This topic tells administrators how to set a memory usage threshold for trial rules. When the threshold is exceeded, all deployed trial rules are disabled.
This procedure is optional. Administrators can increase or decrease the memory threshold for trial rules. Threshold refers to the ESA memory usage, which includes ESA base memory, trial rules and non-trial rules.
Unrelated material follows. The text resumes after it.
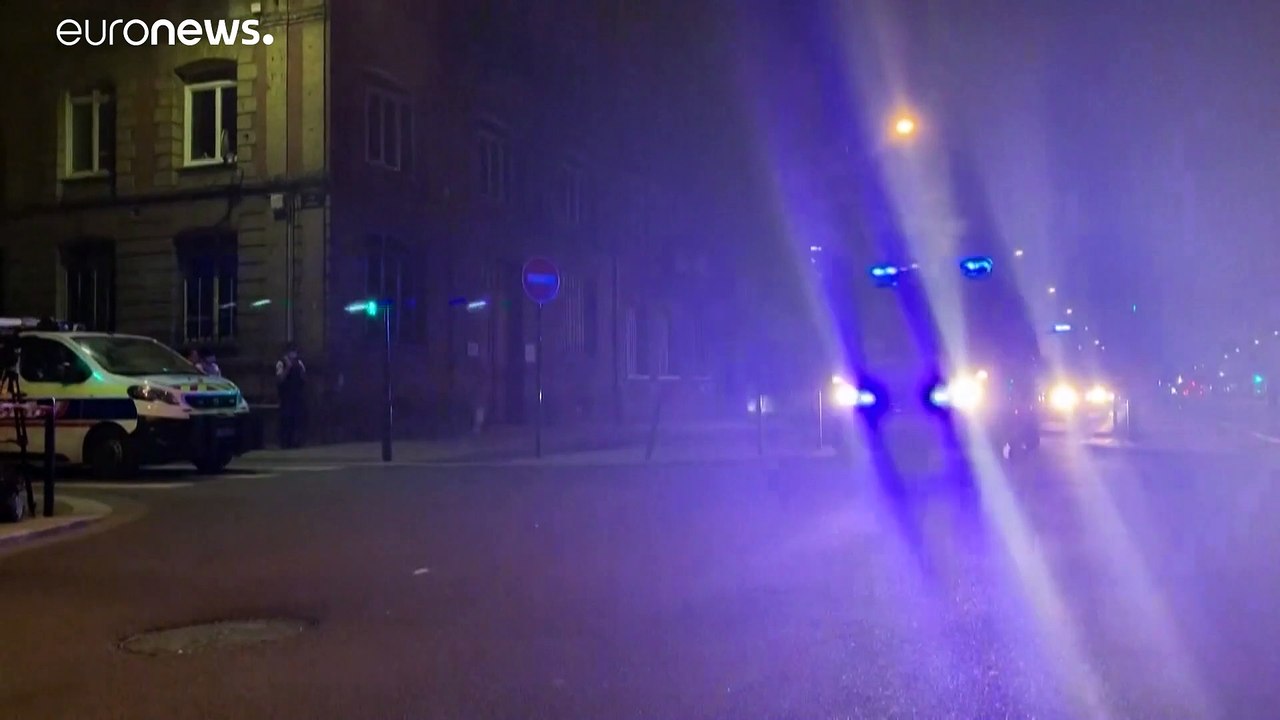 Banküberfall in Le Havre: Geiselnehmer gibt auf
When the threshold is exceeded, all deployed trial rules on an ESA service are disabled.
You use trial rules to see if a rule runs efficiently and does not use excessive memory, which can impact performance or force the service to shut down.
By default, the memory threshold is 85, which is the percentage of Java Virtual Memory (JVM).
- The memory threshold is per ESA, not per rule.
- When the memory threshold is exceeded, all trial rules running on the ESA are automatically disabled.
- The ESA configuration has two parameters for trial rules:
- MemoryCheckPeriod, which has a default value of 300 seconds
For more information, see Work with Trial Rules in the Alerting Using ESA Guide.
A role with administrative privileges must be assigned to you.
- Log on to Security Analytics as admin.
- In the Security Analytics menu, select Administration > Services.
- Select the ESA service, then > View > Explore.
- On the left, select CEP > Module > configuration.
- In the right panel, in MemoryThresholdForTrialRules type a percentage of JVM that trial rules on the ESA can not exceed.
The new memory threshold takes effect immediately.